Feng was too far into the material—and too excited about involving inner-city youths in the study of finance—to just move on. So she logged on to the Colby alumni directory and found Stephen Frechette ’08, an analyst in Barclays Capital’s investment banking division. She also noted Diamond, chair of the Colby Board of Trustees, who pulled off what Esquire magazine called “The Deal of the Century” when Barclays strategically acquired Lehman’s North American businesses as Lehman reeled in fall 2008.
Feng sent Diamond an e-mail, saying she believed her students deserved attention from successful people like him. She told Diamond her students were as talented and motivated as anyone else. They just needed the tools and opportunities to succeed.
His response? “Should have asked a good Colby man first,” Diamond replied in an e-mail.
After talking to her students at their school for an hour on May 19, Diamond invited them to his office, on the second floor of the former Lehman Brothers tower at 50th Street and Seventh Avenue, a property that Barclays Capital acquired with the $1.75 billion acquisition.
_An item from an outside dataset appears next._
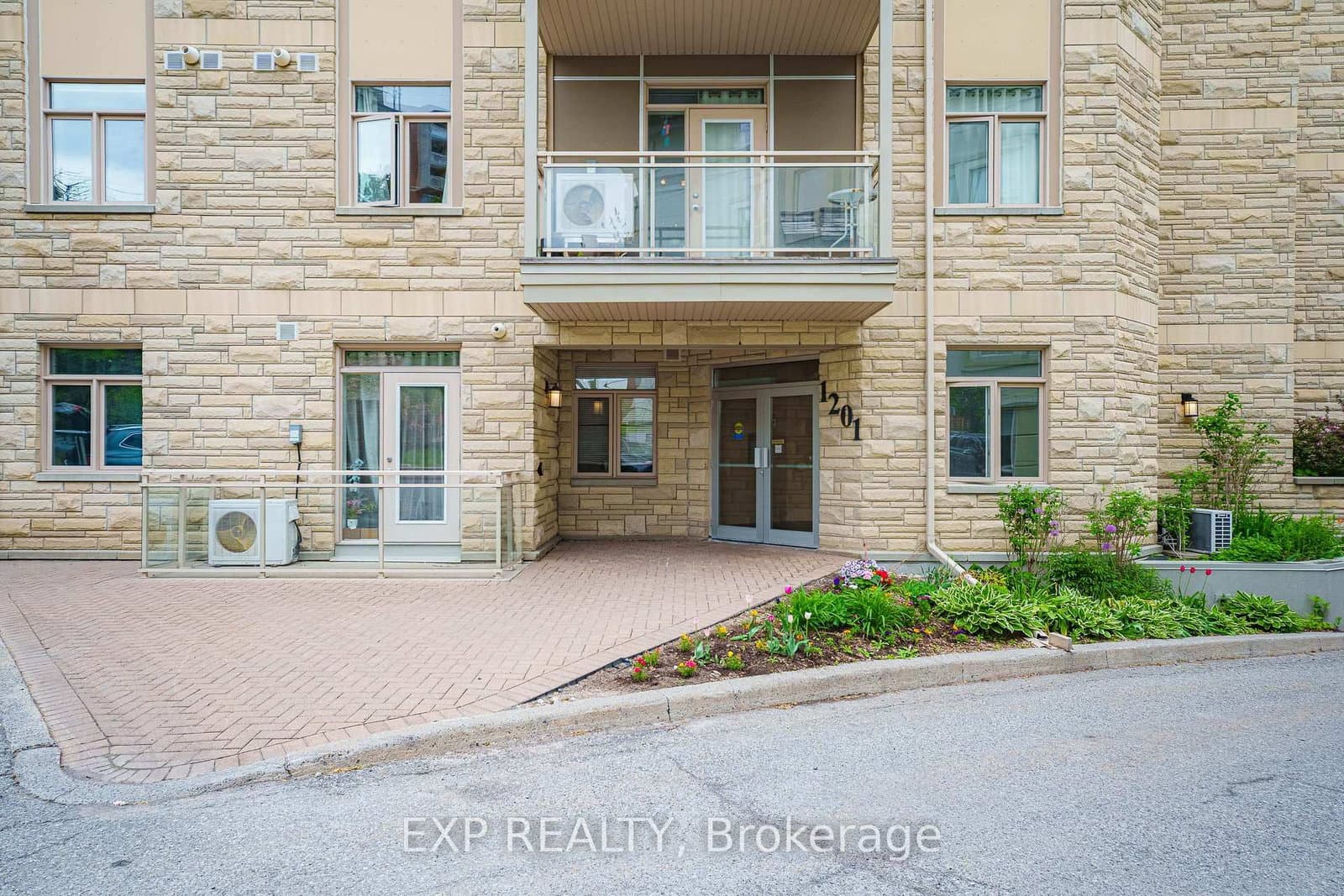 408 - 1201 Ohio Street, Ottawa, ON — photo 3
Diamond told the students that Lehman, before the fall, had been valued at $30 billion.
The students were eager to listen to and engage Diamond when they entered his office, just off the trading floor of Barclays Capital’s fixed-income group. They checked out pictures of Diamond with presidents Bush and Clinton, another photo of the Barclays chief golfing with Phil Mickelson. Student Anthony Harris cut to the chase, asking about the company’s internship program, which Diamond noted hired 560 college juniors this June—from an estimated 11,000 applicants.
The graduating seniors in Feng’s class would be eligible in just three years. “I hope to get applications from some of you during your junior year,” Diamond said.
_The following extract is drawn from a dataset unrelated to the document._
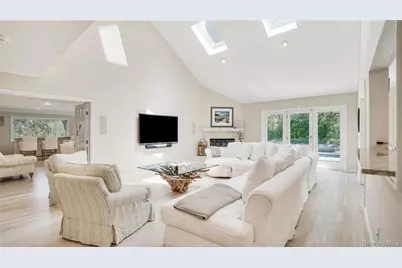 9 Rosebud Lane, East Quogue, NY 11959 - Photo 9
Then the group was off to an upstairs conference room for a simulated game of commodities trading before heading for a tour of the trading floor, where traders talking on headsets sat at desks arrayed with computer screens. The high school group had lunch and carted home some sweet Barclays swag: MP3 speakers, sky-blue Barclays baseball caps, and drawstring Barclays totes.
Leaving the Barclays towers, Paulino said she was intrigued by the huge amount of data at the traders’ behest, as indexes marched up and down and alerts popped up. She’d already taken Diamond’s encouragement to heart–she’s determined to apply for the internship in three years, she said.
“If you want to work in the finance world, you need to get that kind of experience,” said Paulino. “Ms. Feng has provided me with this opportunity. Now I have to make it happen.”